DIRECTIONS
In the records below, find the line containing "Cosine theta is" and the line containing "So this begs". Give again exactly those lines and every line between them, omitting the pictures.

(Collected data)
########################################

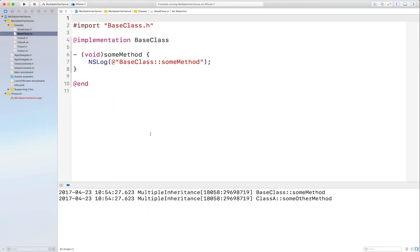Hi there, this is Bob Kuhn with Binary Hammer, and in this short video I will show you how to add multiple inheritance to Objective-C classes.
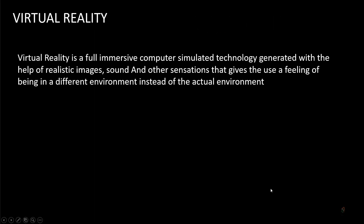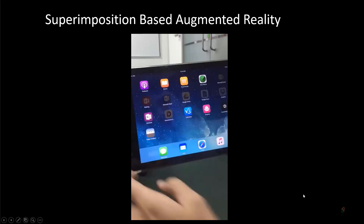This completes our explanation about augmented reality. In our next session, we are going to discuss virtual reality.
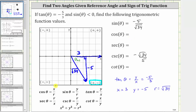Cosine theta is equal to x divided by r, which gives us three divided by the square root of 34 — the ratio of the adjacent side to the hypotenuse. Since cosine and secant are reciprocals of one another, secant theta equals r divided by x, which gives us the square root of 34 divided by three — the ratio of the hypotenuse to the adjacent side.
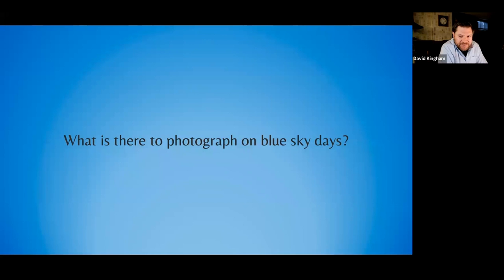So this begs the question, what exactly is there to photograph on blue sky days? I'm sure many of you saw Jennifer and I's presentation at the last Out of Chicago in-depth event on this very subject.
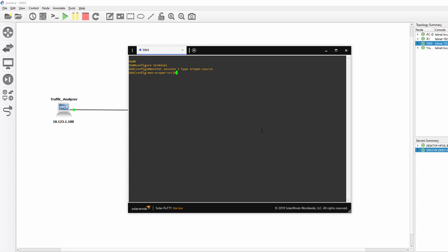If I press the question mark here. You can see we can put a description, a source, a filter where we can filter by Access List or VLAN. Then we have to use a No Shutdown to begin it and then we go into Destination Mode to set the destination.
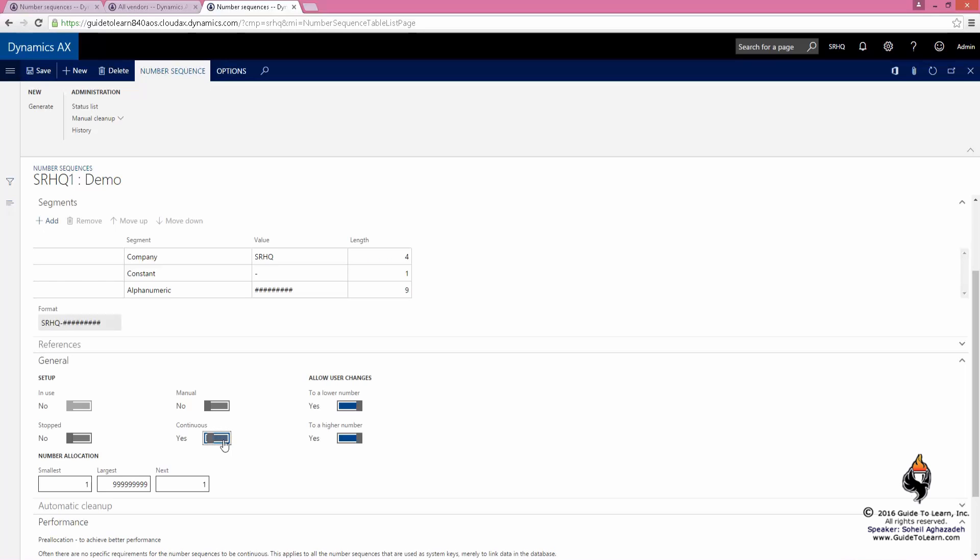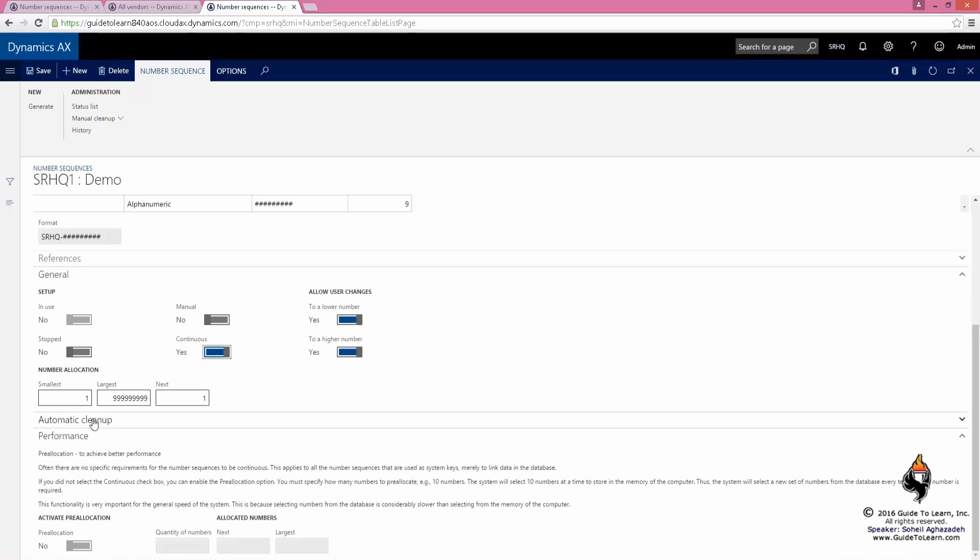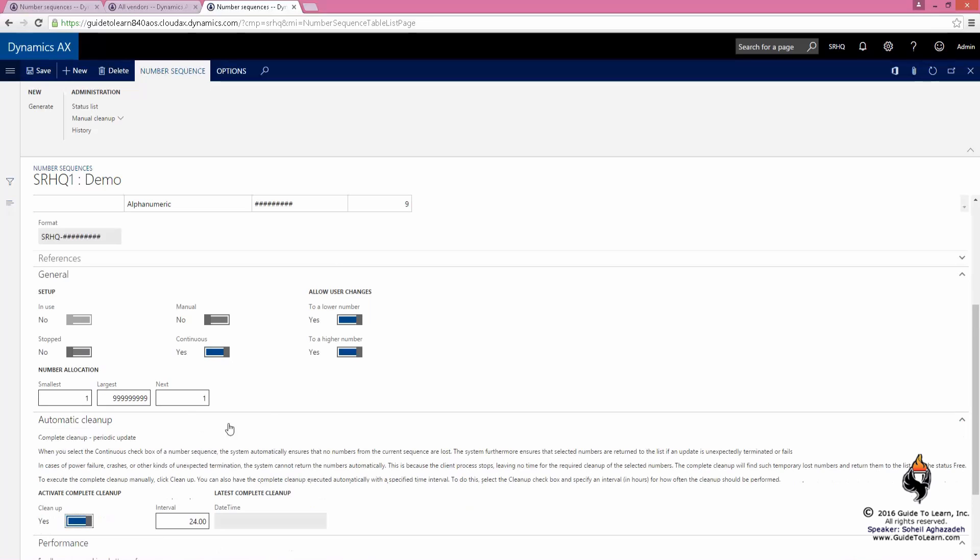You can change that if you want. You could change it to be every two hours. But if it is not continuous, that doesn't make any sense, does it? If it's not continuous, why should you be worried about gaps?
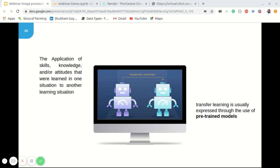Suppose a teacher has years of experience in a particular topic — he or she teaches knowledge with all this accumulated information, and the lectures students get are a concise overview of that topic. This can be seen as a transfer of information from a learned to a novice. Similarly, a neural network is trained on data, and the network gains knowledge from this data, which is stored as weights. These weights can be extracted and transferred to another neural network, so instead of training from scratch, we transfer the learned features.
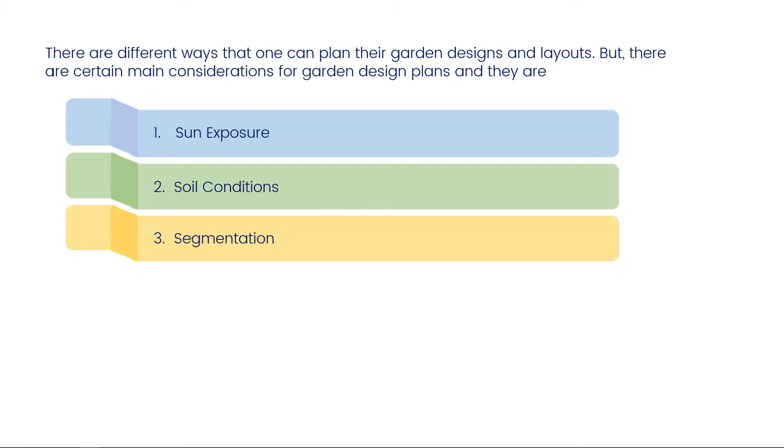Segmentation – a well-planned garden layout includes segmented areas for flowering plants, herbs, trees, and so forth.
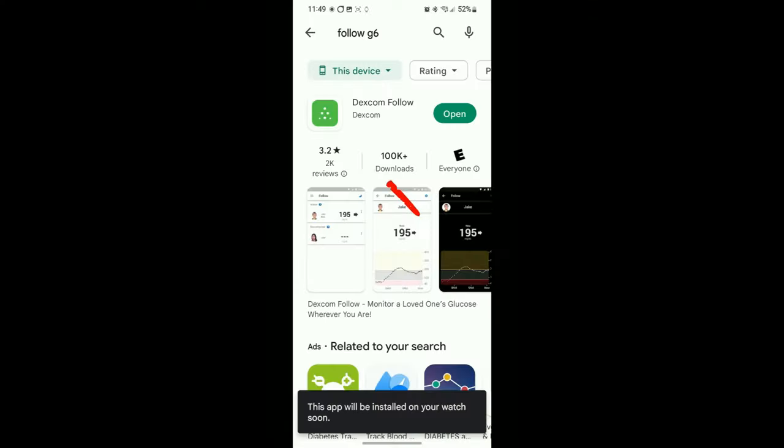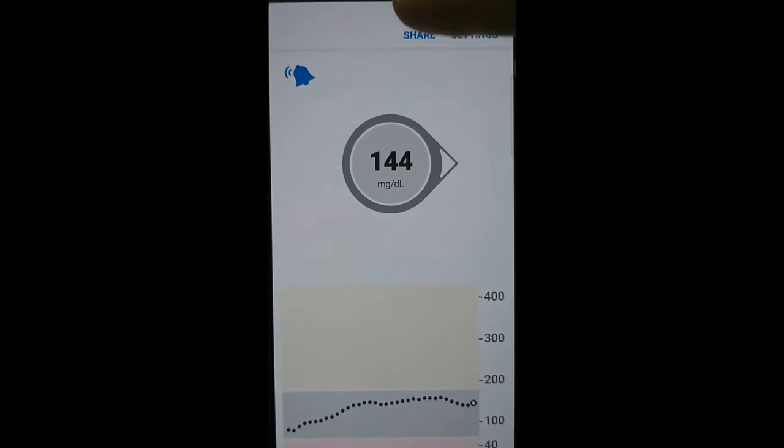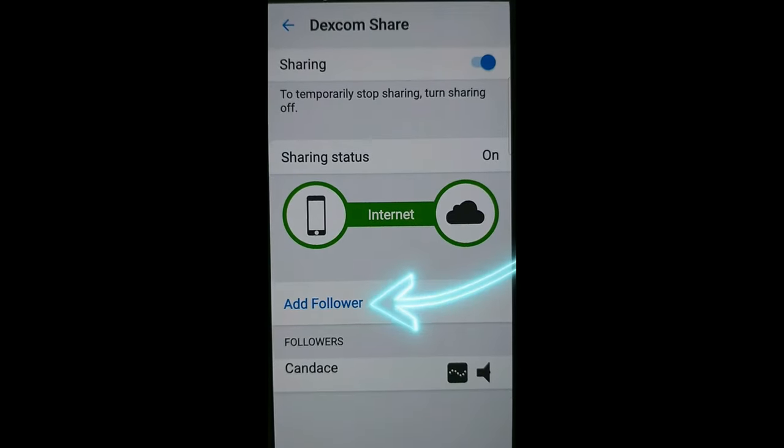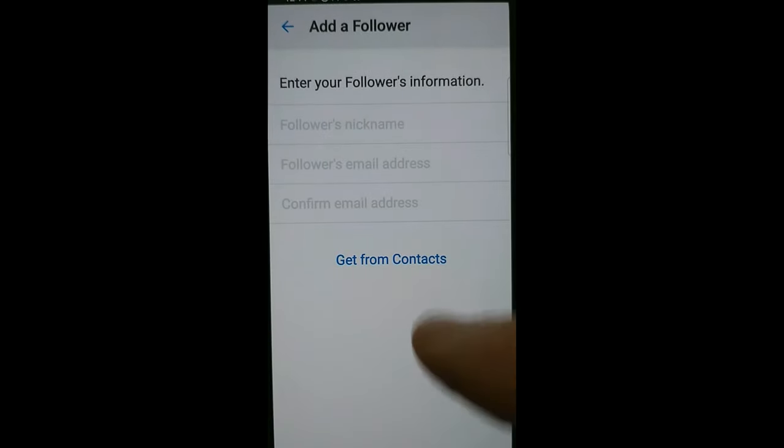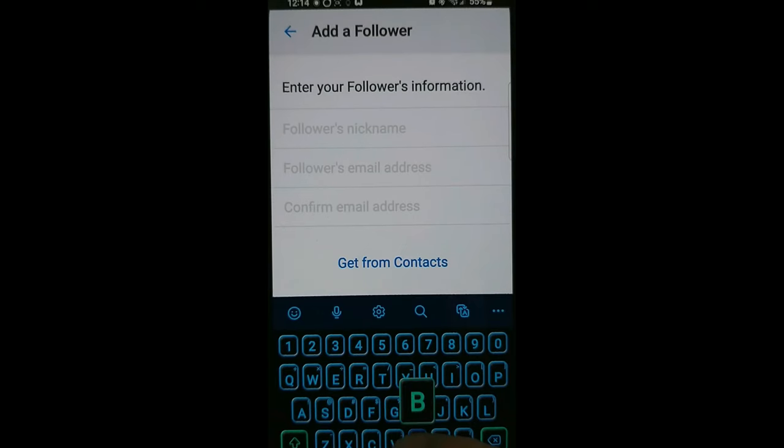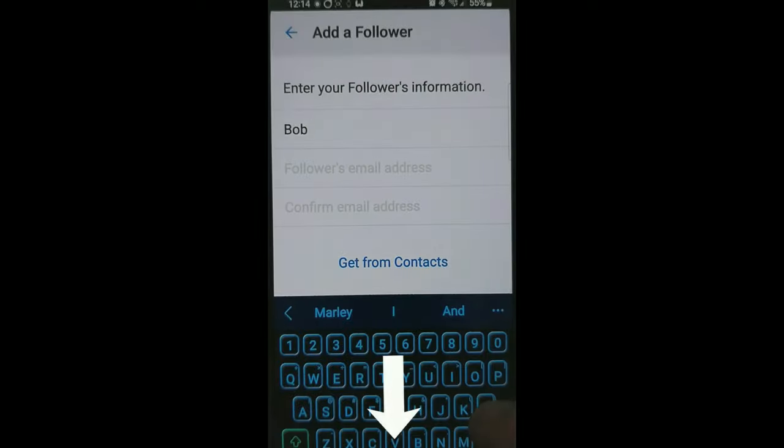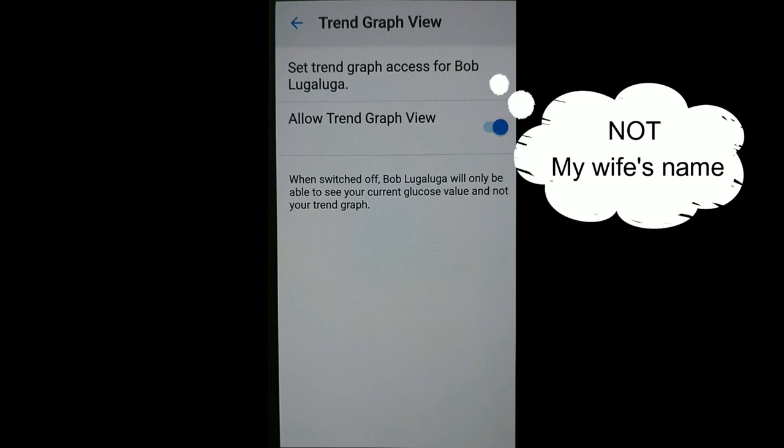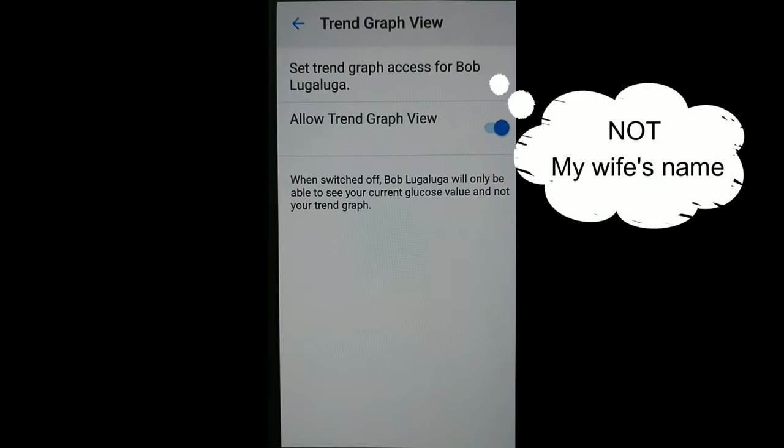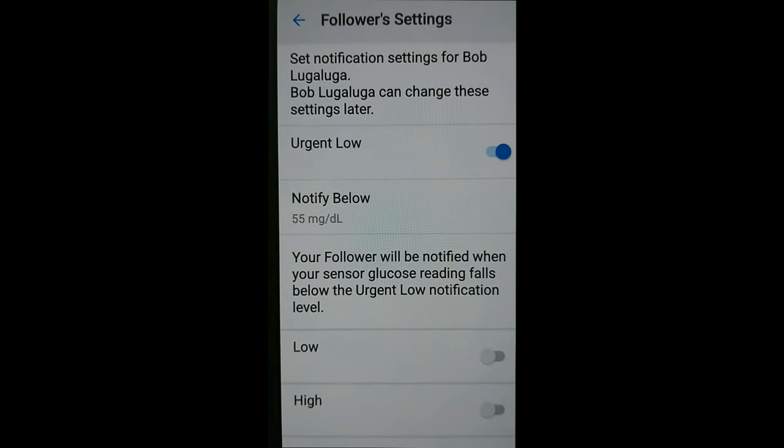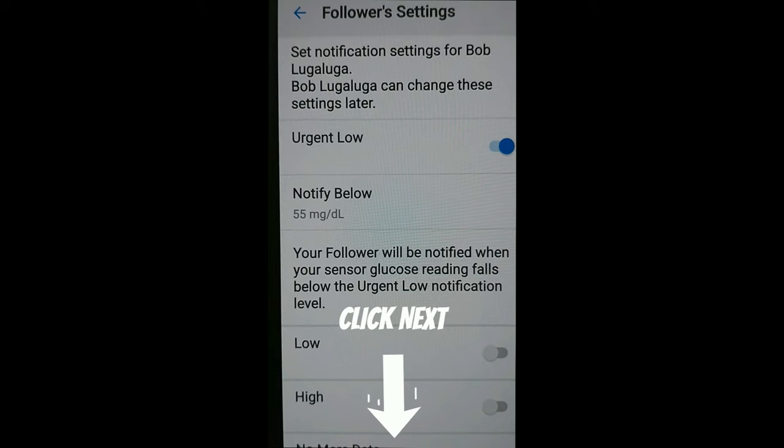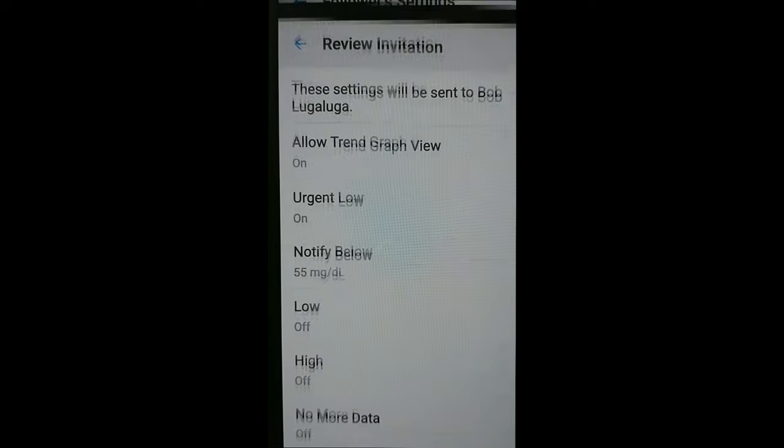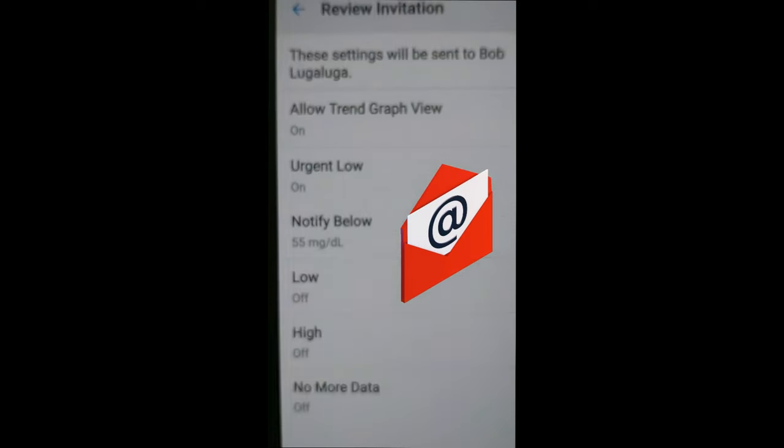Okay, first you want to set up your Dexcom Follow app. You can find that in your Android store. Go to your Dexcom G6 app and hit the share button and add yourself a follower. I added my wife because I have access to her email. You're going to need that. Put in the information and click next. Trend graph view, set that up how you want and click next. Follower settings, whatever you want them to see and click next. Then review the information. After you're done with this step, it's going to send an email to your family member.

########################################

WRITTEN SOLUTION
Cosine theta is equal to x divided by r, which gives us three divided by the square root of 34 — the ratio of the adjacent side to the hypotenuse. Since cosine and secant are reciprocals of one another, secant theta equals r divided by x, which gives us the square root of 34 divided by three — the ratio of the hypotenuse to the adjacent side.
So this begs the question, what exactly is there to photograph on blue sky days? I'm sure many of you saw Jennifer and I's presentation at the last Out of Chicago in-depth event on this very subject.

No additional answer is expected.